[Short text fragments from websites]

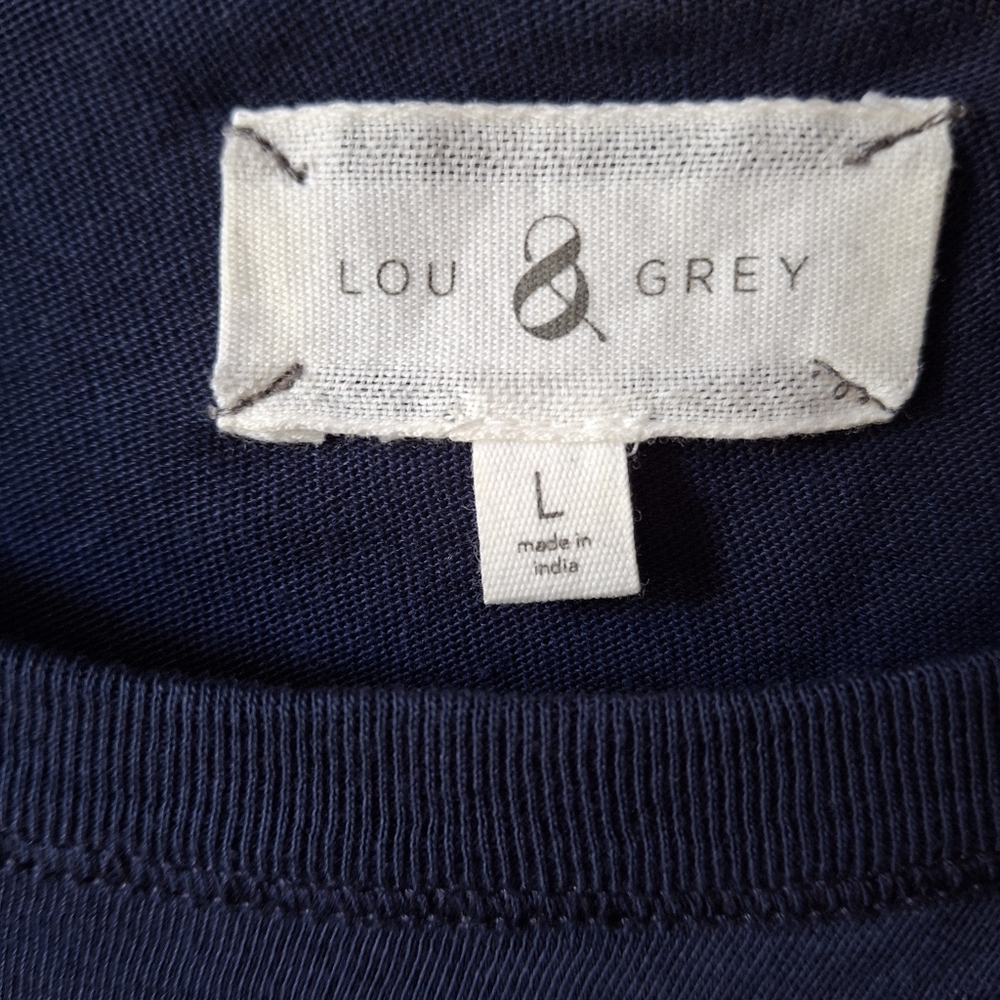 Lou & Grey Indigo Tie-Dye Short Sleeve Tee - Picture 2 of 3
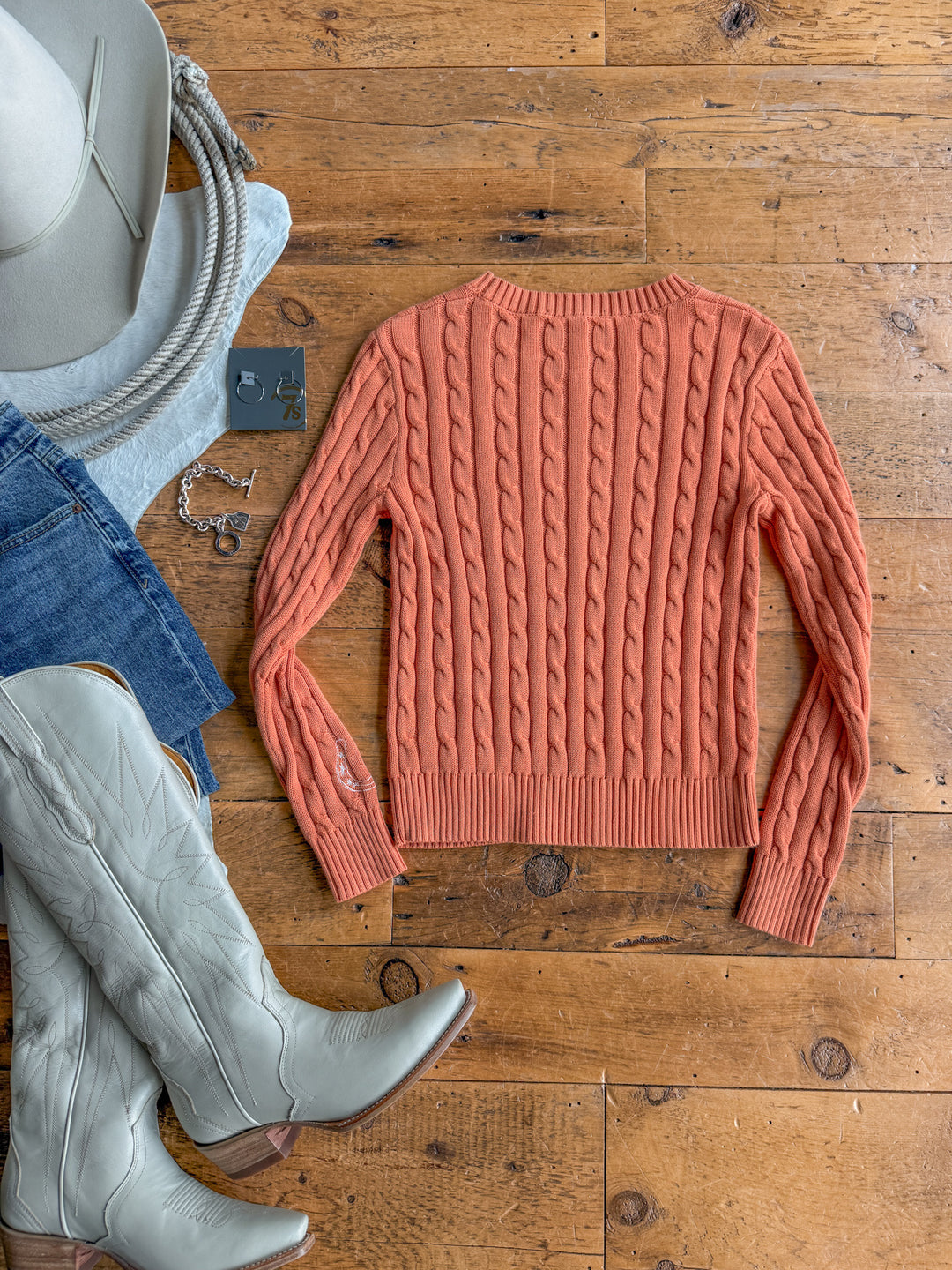 Luck Orange Cable Knit Sweater {Exclusive}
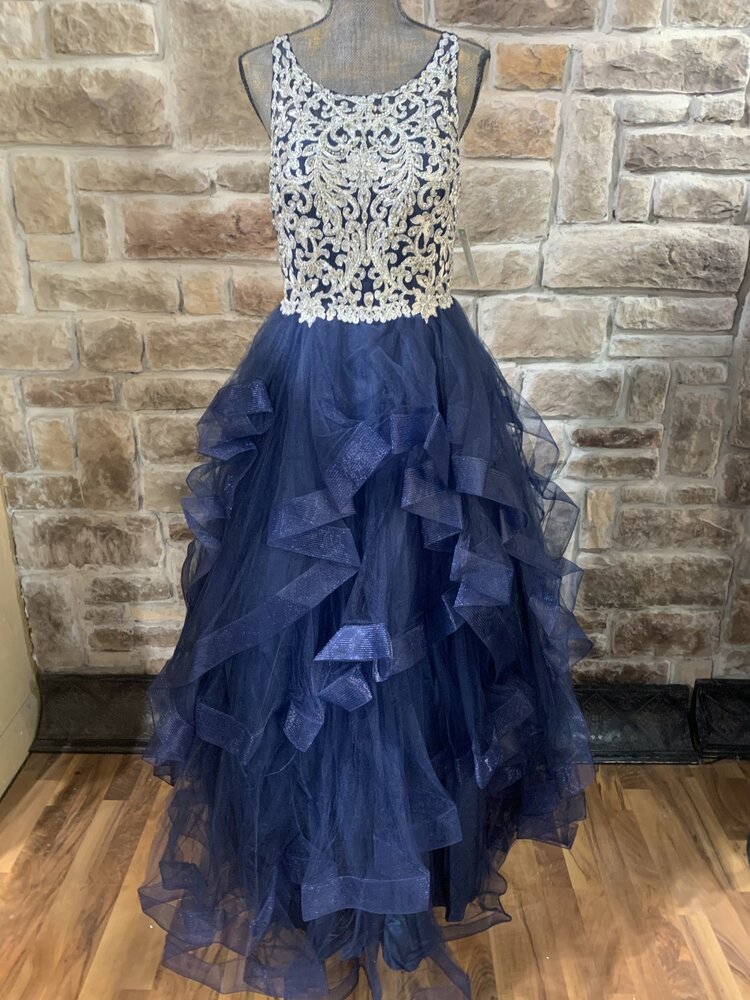 Aspeed Navy Applique Beaded Bodice with Ruffled Bottom, Size L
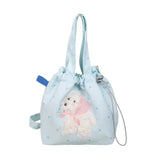Qfdian  Casual All Match Ins Shoulder Handbags Kawaii Cute Cartoon Flocking Dots Top-Handle Bags Women Sweet Y2k Aesthetic Mini Clutches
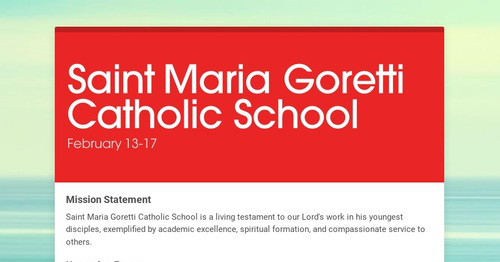 Saint Maria Goretti Catholic School | Smore Newsletters for Education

Exercise directions >> Please write out the lines above, beginning at the line with "Aspeed Navy Applique" and ending at the last line of the records, exactly as they appear and without pictures.

Exercise solution >>
 Aspeed Navy Applique Beaded Bodice with Ruffled Bottom, Size L
Qfdian  Casual All Match Ins Shoulder Handbags Kawaii Cute Cartoon Flocking Dots Top-Handle Bags Women Sweet Y2k Aesthetic Mini Clutches
 Saint Maria Goretti Catholic School | Smore Newsletters for Education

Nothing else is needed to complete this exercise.